There are so many ways to see and experience a city. But one of my top ways to get to “know” a city is by getting up high and looking down at it. Of course, this is not hard to do as there are usually man-made or natural high points. While I like getting a view more than anything else, the view is even more appreciated when I have had to climb my way to get it. I will only list here places that I have actually climbed as opposed to places where I rode up when there was a way to climb it – the ones I rode up will be the subject of another post… So, here are eight (in no particular order) of my favorite climbs to get a city view in Europe!
Paris’ Eiffel Tower
Yes, I may be stating the obvious but most people ride the elevator on this one. I have been up the Eiffel Tower two times and both times I climbed it up to the point at which there is no other way open to the public to get to the very top (and then you are required to take an elevator). I love the freedom of walking up the tower, seeing its beams and bolts up close, and pausing a lot along the way (yea, for the view, that’s the ticket!). It may not be for everyone but if you are able to do experience the tower this way, do it! Regardless of how you go up, the altitude and the view of Paris combine to give one a great experience!
Sacré-Coeur in Montmartre
You can walk up or ride up to Montmartre (I have done both) but the best view is from climbing the Basilica of Sacré-Coeur itself. Of course, this is a better view in some ways than the Eiffel Tower since this view includes the Eiffel Tower. But not only are you rewarded by looking at Paris from this angle, but you get to see the many gargoyles and other details of the church up close and personal – which makes for good photo opps!

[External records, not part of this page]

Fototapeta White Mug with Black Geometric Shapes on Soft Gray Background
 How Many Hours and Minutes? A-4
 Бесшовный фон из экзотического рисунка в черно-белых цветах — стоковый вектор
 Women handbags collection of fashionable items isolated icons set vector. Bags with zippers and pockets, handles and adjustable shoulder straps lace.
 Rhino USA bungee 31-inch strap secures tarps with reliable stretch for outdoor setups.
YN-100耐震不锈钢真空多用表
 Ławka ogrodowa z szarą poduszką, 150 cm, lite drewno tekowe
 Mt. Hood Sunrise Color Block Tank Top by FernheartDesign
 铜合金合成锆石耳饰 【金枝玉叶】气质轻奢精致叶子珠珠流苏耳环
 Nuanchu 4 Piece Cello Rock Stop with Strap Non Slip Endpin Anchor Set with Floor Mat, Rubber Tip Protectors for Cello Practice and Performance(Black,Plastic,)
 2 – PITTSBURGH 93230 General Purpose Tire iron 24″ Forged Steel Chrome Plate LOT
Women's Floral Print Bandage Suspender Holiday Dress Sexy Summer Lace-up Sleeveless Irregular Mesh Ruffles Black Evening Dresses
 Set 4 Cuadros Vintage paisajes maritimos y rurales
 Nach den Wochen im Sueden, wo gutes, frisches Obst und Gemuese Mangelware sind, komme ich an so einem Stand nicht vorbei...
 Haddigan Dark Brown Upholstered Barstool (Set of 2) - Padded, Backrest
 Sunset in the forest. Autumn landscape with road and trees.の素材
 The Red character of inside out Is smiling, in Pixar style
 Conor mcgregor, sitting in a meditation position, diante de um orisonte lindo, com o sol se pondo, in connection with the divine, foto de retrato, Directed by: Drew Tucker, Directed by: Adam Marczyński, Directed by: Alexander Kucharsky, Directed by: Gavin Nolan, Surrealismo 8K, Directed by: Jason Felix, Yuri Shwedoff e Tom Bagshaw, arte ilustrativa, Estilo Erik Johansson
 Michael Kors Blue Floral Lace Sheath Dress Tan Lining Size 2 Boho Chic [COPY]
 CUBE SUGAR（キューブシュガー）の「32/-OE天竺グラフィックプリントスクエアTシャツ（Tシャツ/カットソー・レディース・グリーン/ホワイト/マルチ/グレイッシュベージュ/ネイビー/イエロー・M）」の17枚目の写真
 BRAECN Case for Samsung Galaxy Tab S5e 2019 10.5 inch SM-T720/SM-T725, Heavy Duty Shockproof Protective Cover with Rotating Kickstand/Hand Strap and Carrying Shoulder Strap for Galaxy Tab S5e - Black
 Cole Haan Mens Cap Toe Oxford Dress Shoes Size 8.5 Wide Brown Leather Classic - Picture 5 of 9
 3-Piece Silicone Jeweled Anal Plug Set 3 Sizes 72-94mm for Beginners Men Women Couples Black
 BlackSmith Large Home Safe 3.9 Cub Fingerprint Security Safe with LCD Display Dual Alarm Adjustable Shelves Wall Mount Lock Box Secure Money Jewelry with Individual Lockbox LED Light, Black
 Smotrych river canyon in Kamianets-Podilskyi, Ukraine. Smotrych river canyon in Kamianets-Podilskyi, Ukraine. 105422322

St. Paul’s Cathedral in London
When I went up St. Paul’s Cathedral, it was the first time I had gone to the top of any church. St. Paul’s, built in the 17th century, is 111 m high (365 ft) so you really are high up when you climb it. I enjoyed not only the view but seeing the “innards” of the structure as I made my way up to get a glimpse of London (pre-London Eye!).
Bologna’s Medieval Towers
Bologna is a city of arcades (or porticoes): it is great to be able to walk around the city whether it is raining or not thanks to this feature of this unique Italian city (home of the world’s oldest university!). But perhaps a lesser known secret of this town, former possessor of many medieval towers (estimated at 180 towers!), is that you can go up one of the remaining towers (one of the pair called the Due Torri). It will not be the one with the serious tilt but the other one (which is taller). I recommend putting out the effort and going up!
St. Peter’s Basilica in The Vatican
OK, to get to the first viewing point, you do take an elevator but to get to the top of the dome of St. Peter’s Basilica, you walk it up. Not only do you get to look down across the Tiber to Rome but you get to look down onto St. Peter’s Square (where I have participated in a papal audience (as a VIP!) and an Easter Mass) from a great vantage point. What I enjoyed (besides getting to the top) was walking inside the dome’s inner and outer walls in the passageways – the higher you got, the more you noticed the curvature of the walls and sometimes had to tilt the head a little bit to adjust to it! When you come down, you are deposited right inside the basilica.
La Giralda in Sevilla (Seville), Spain
La Giralda, Seville’s famous tower is part of which is a former minaret built in 1198 during the Moors’ occupation of Spain. It sits in the center of the city right next to the amazing Cathedral of Seville (3rd largest church in the world). To go up this 100m+ tower, you do not walk up stairs. So how do you go up if it is a “climb” and there are no stairs? Well, it actually has ramps! Why? So horses could go up! So, do like the horses and go up the ramps to enjoy views of the city center of Sevilla.
Galata Tower in Istanbul
Where else, other than Istanbul, can you look at a city laid across two continents with a great bird’s eye view? Besides learning about its history, it was a great climb. Once at the top, I looked at Asia across the busy Bosphorus with all its maritime traffic and then with a slight turn of the head, I was looking at Europe. Across the Golden Horn, I could see the “skyline” of Seraglio Point where the eye quickly focused on Topkapi Palace, the Hagia Sophia and the Blue Mosque.
The city walls of Dubrovnik
Though there are higher vantage points from which to admire the tiled roofs and setting of Dubrovnik, the city walls allowed me to look down but yet be close enough to feel the city. It was more of a walk than a climb but, since I had to use stairs to get to them, I will call them a “climb” – but don’t be scared, it is pretty easy to walk along these walls!